# What is the second derivative of xy+y^3=1 using implicit differentiation?

• Aug 27th 2012, 09:57 AM
citcat
What is the second derivative of xy+y^3=1 using implicit differentiation?
y'' of xy+y^3=1
Thanks!
• Aug 27th 2012, 10:20 AM
skeeter
Re: What is the second derivative of xy+y^3=1 using implicit differentiation?
Quote:

Originally Posted by citcat
y'' of xy+y^3=1

what did you get for y' ?
• Aug 27th 2012, 10:29 AM
citcat
Re: What is the second derivative of xy+y^3=1 using implicit differentiation?
-(y/x-y)
• Aug 27th 2012, 02:44 PM
Soroban
Re: What is the second derivative of xy+y^3=1 using implicit differentiation?
Hello, citcat!

You're off to a bad start . . .

Do you have the correct answer?

Quote:

$\displaystyle \text{Find }y''\text{ for: }\:xy+y^3\:=\:1$

We have: .$\displaystyle 1\!\cdot\!y + x\!\cdot\!y' + 3y^2\!\cdot\!y' \:=\:0$

. . . . . . . . . . . . $\displaystyle x\!\cdot\!y' + 3y^2\!\cdot\!y' \:=\:-y$

. . . . . . . . . . . . . $\displaystyle (x + 3y^2)y' \:=\:-y$

. . . . . . . . . . . . . . . . . . . $\displaystyle y' \:=\:\frac{\text{-}y}{x+3y^2}$ .[1]

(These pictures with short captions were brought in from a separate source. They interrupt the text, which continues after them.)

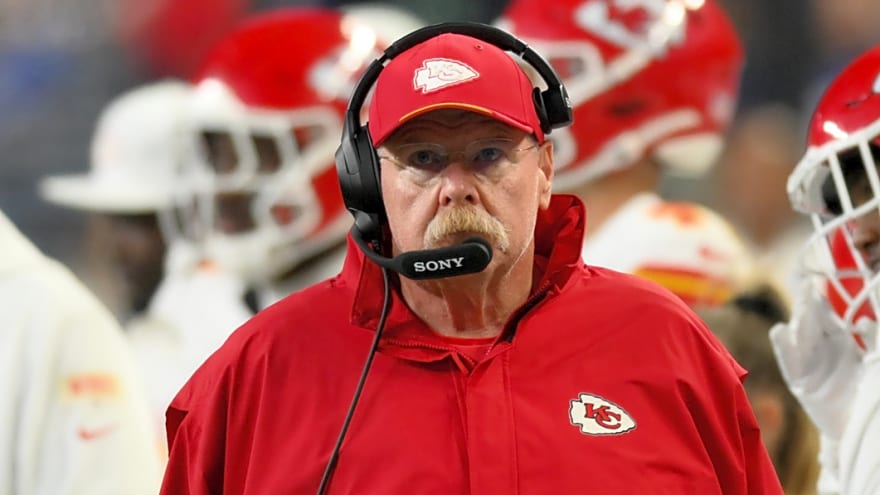 Chiefs drop five spots in NFL power rankings after loss to Seahawks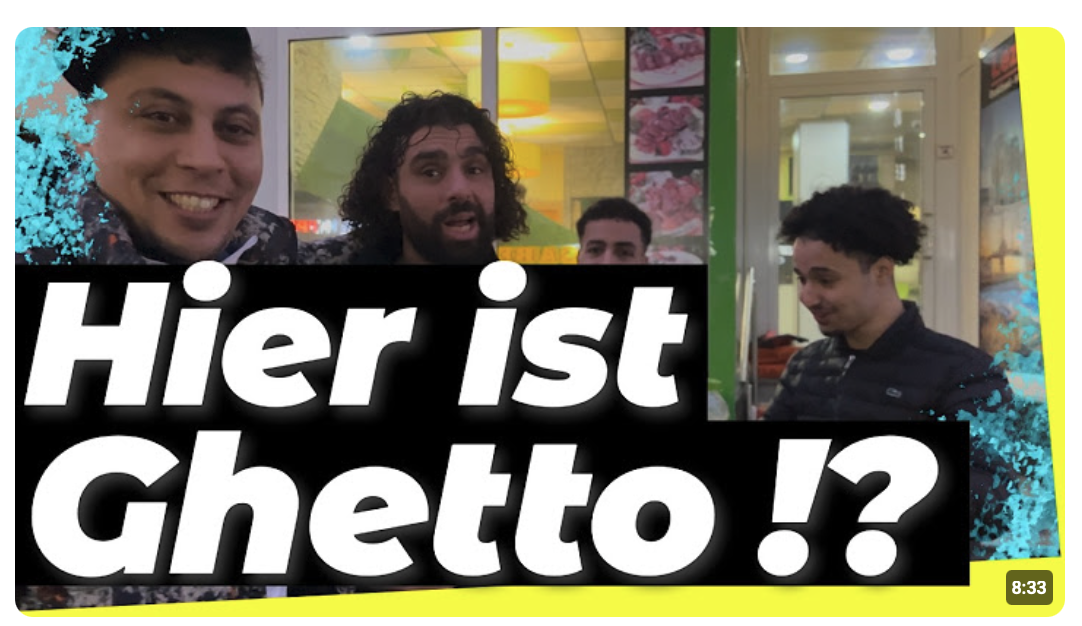 Essen – Eine Stadt sucht einen Deutschen !?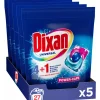 5x Dixan Wascapsules Universeel Triplet Universal Doy 27 stuks
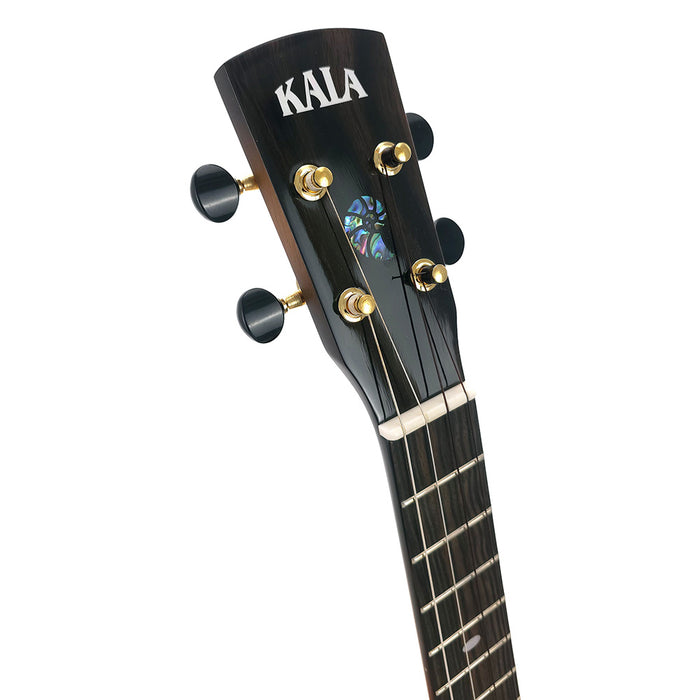 Kala Revelator Nautilus Horizon Amber Waves Mango Tenor Ukulele #925090770
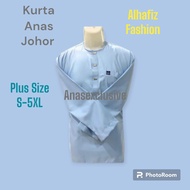 KURTA ANAS JOHOR AL HAFIZ FASHION S TO 5XL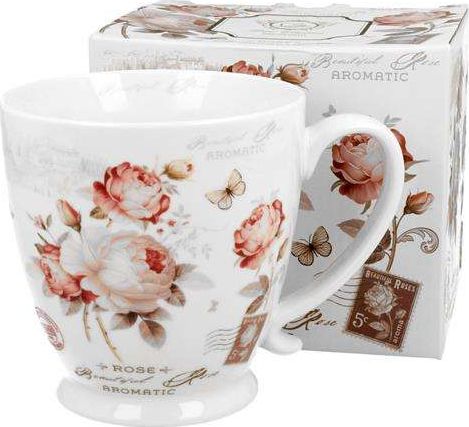 Art-Pol Pl Kubek Na Stopce Jumbo Secesja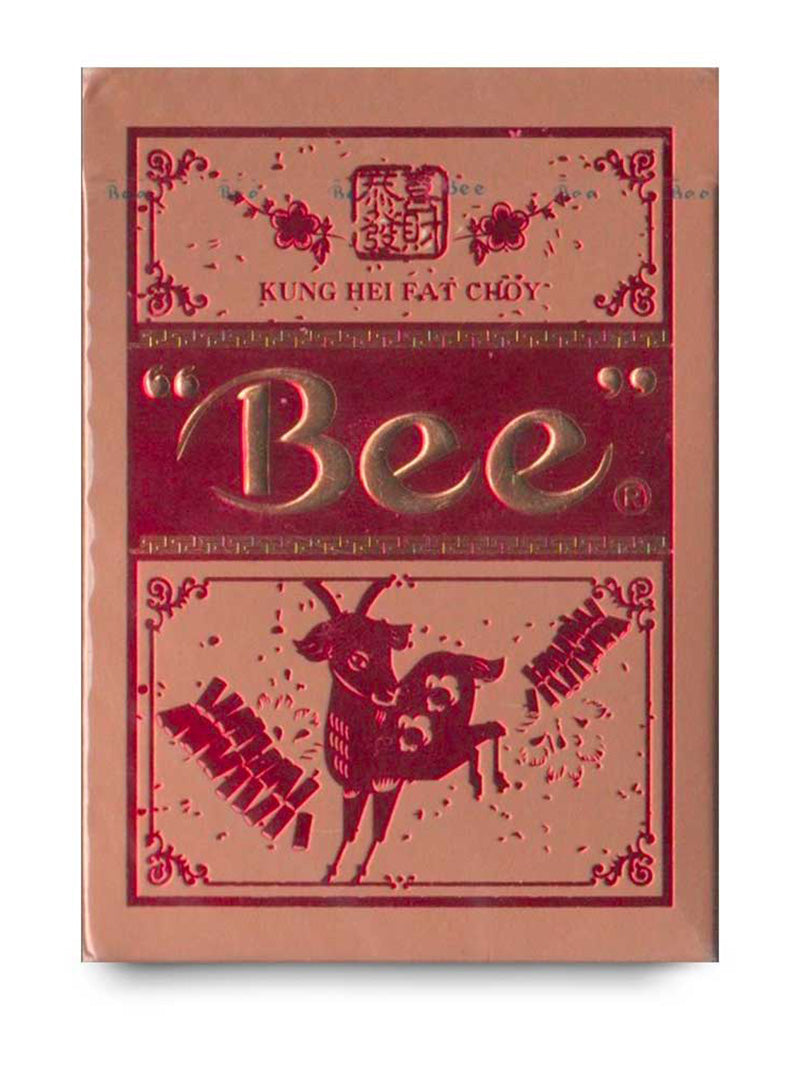 Bee Kung Hei Fat Choy YOTG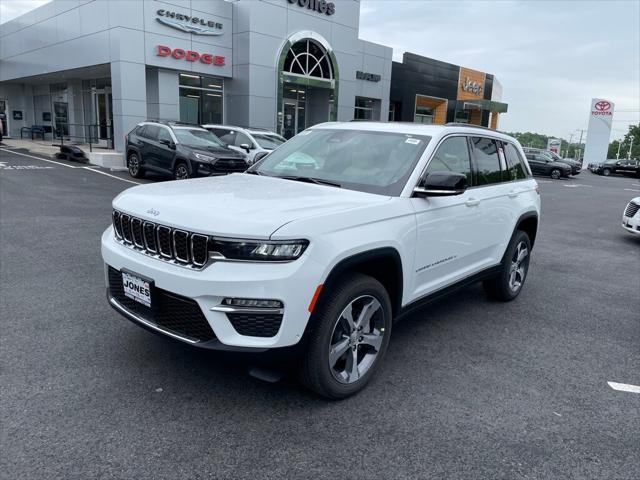 2024 Jeep Grand Cherokee GRAND CHEROKEE LIMITED 4X4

Then: .$\displaystyle y" \;=\;\frac{(x+3y^2)(\text{-}y') - (\text{-}y)(1 + 6yy')}{(x+3y^2)^2}$

. . . . . $\displaystyle y'' \;=\;\frac{-xy' - 3y^2y' + y + 6y^2y'}{(x+3y^2)^2}$

. . . . . $\displaystyle y'' \;=\;\frac{y - xy + 3y^2y'}{(x+3y^2)^2}$

Substitute [1]:
. . $\displaystyle y'' \;=\;\frac{y - xy + 3y^2\left(\frac{\text{-}y}{x+3y^2}\right)}{(x+3y^2)^2}$

. . $\displaystyle y'' \;=\;\frac{y(x+3y^2) - xy(x+3y^2) - 3y^3}{(x+3y^2)^3}$

. . $\displaystyle y'' \;=\;\frac{xy + 3y^3 - x^2y - 3xy^3 - 3y^3}{(x+3y^2)^3}$

. . $\displaystyle y'' \;=\;\frac{xy - x^2y - 3xy^3}{(x+3y^2)^3}$